Mr. Pistole said the lack of any terrorist apprehensions doesn’t signal anything because there hasn’t been a successful terrorist attempt to board an aircraft from within the U.S. since Sept. 11, 2001.

“This has been over seven years, and we have screened by observation over 4 billion passengers. It actually comes out to less than 50 cents — in some instances, 25 cents per passenger is the cost for BDOs to observe,” he said.

But critics said that given the lack of catching any terrorists, the math could be viewed the other way.

“Or you could say it in the reverse. You could say a billion dollars with no result,” said Rep. Mark Sanford, South Carolina Republican.

The BDO program is separate from the screenings of luggage and passengers performed by security officers.

BDOs are trained to look for 94 different telltale behaviors that could signal a dangerous intent. But the GAO review said officers interpret the behavioral cues differently, making it subjective.

In fact, during their review of a month of operations, the GAO found some officers never referred a single passenger for a secondary screening.

Mr.
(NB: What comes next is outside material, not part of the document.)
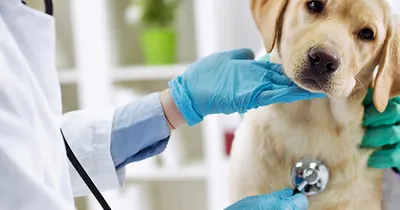 Imagen del anuncio: Veterinario a domicilio Madrid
Pistole said that, in part, because of behavior profiling, TSA is able to let more people go through expedited physical screening. Expedited screening still involves going through a metal detector and having luggage scanned, but it doesn’t put passengers through the more time-consuming full-body scans.

Mr. Pistole said someone with an underwear bomb or with a surgically implanted explosive could still get through the full screening, which is why the profiling program is still needed.